» **DATA FOR THIS TASK**
--*--
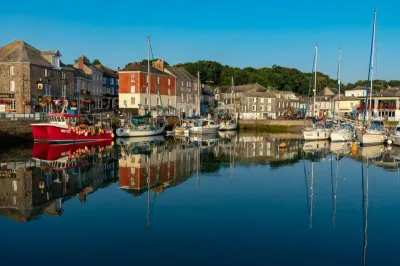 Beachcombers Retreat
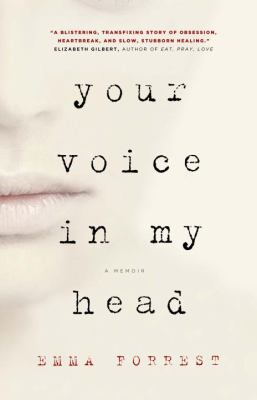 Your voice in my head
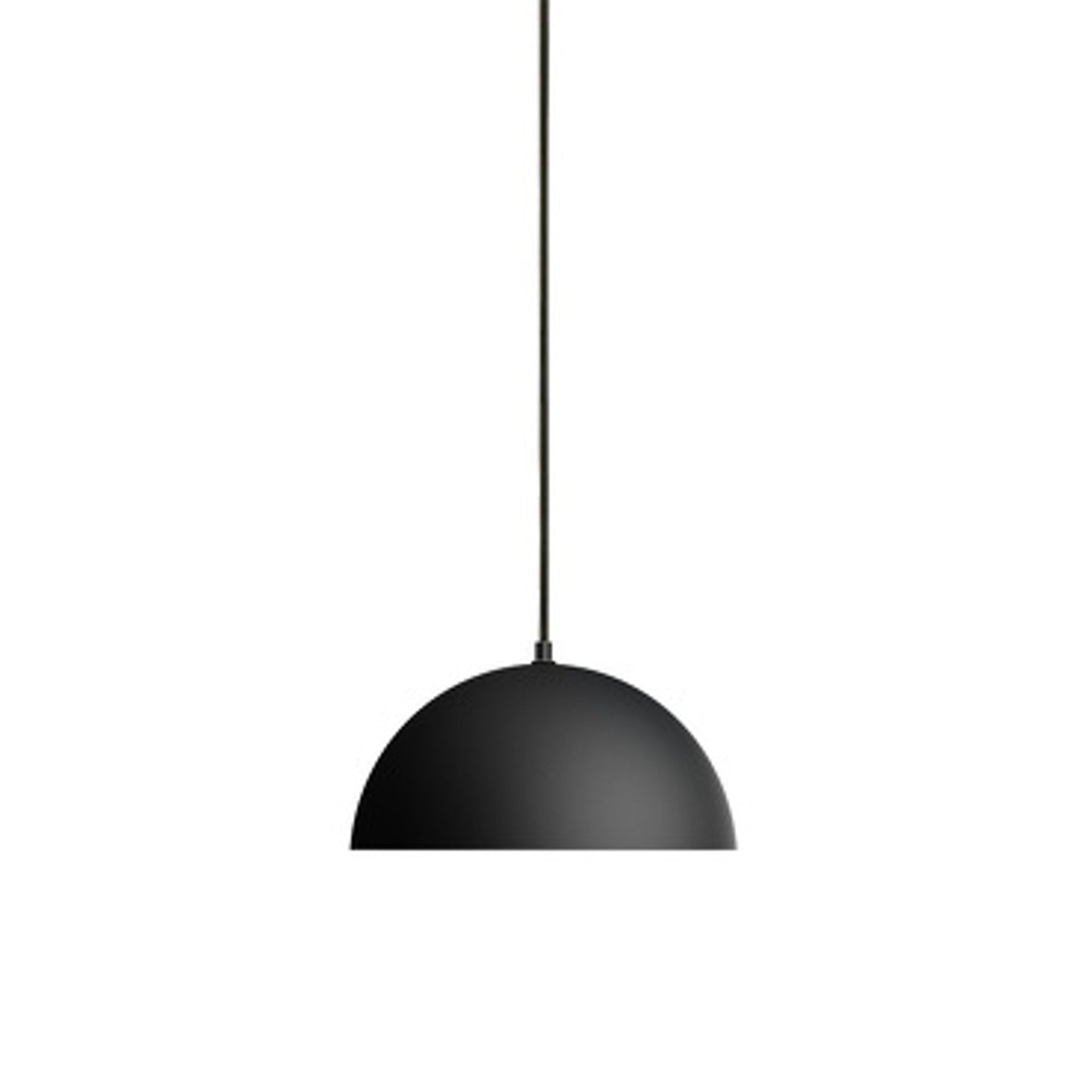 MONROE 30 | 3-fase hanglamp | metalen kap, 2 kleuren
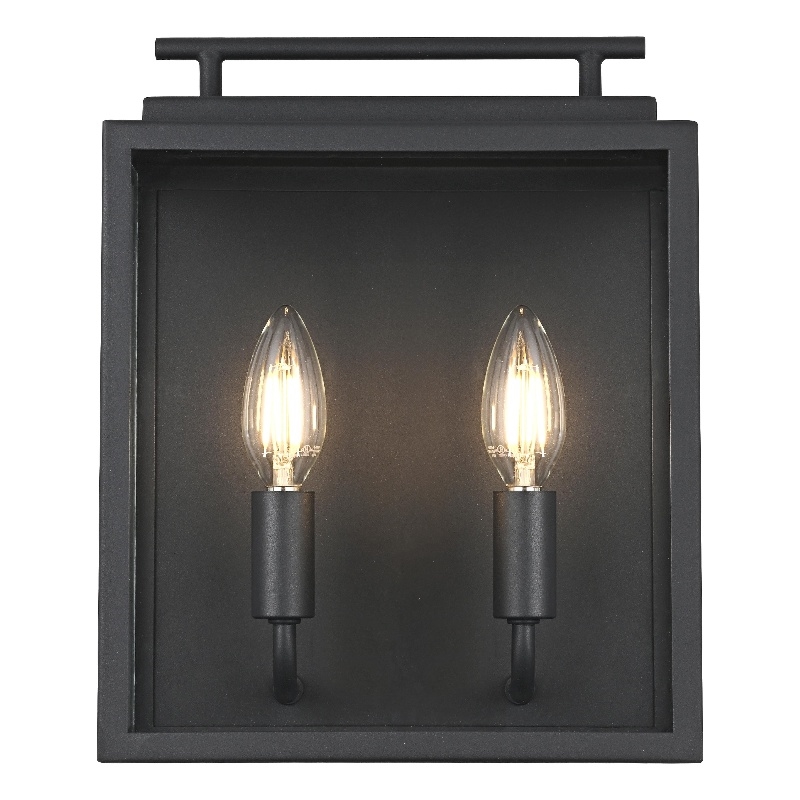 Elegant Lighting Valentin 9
--*--
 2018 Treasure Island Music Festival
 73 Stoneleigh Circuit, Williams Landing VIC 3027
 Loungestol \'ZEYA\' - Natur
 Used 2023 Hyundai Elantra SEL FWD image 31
--*--
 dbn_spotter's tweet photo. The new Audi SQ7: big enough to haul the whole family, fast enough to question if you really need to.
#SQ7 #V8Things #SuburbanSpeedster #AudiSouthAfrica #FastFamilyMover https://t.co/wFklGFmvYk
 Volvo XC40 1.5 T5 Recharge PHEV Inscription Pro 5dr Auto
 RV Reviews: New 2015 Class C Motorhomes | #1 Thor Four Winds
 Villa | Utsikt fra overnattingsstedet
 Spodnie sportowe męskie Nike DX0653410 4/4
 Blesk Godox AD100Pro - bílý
--*--
» **WHAT IS BEING ASKED**
An exact transcription is needed of the lines from the one with "Beachcombers Retreat" to the one with "Elegant Lighting Valentin 9" above, both ends included, with pictures left out.

» **RESPONSE TO THE EXERCISE**
 Beachcombers Retreat
 Your voice in my head
 MONROE 30 | 3-fase hanglamp | metalen kap, 2 kleuren
 Elegant Lighting Valentin 9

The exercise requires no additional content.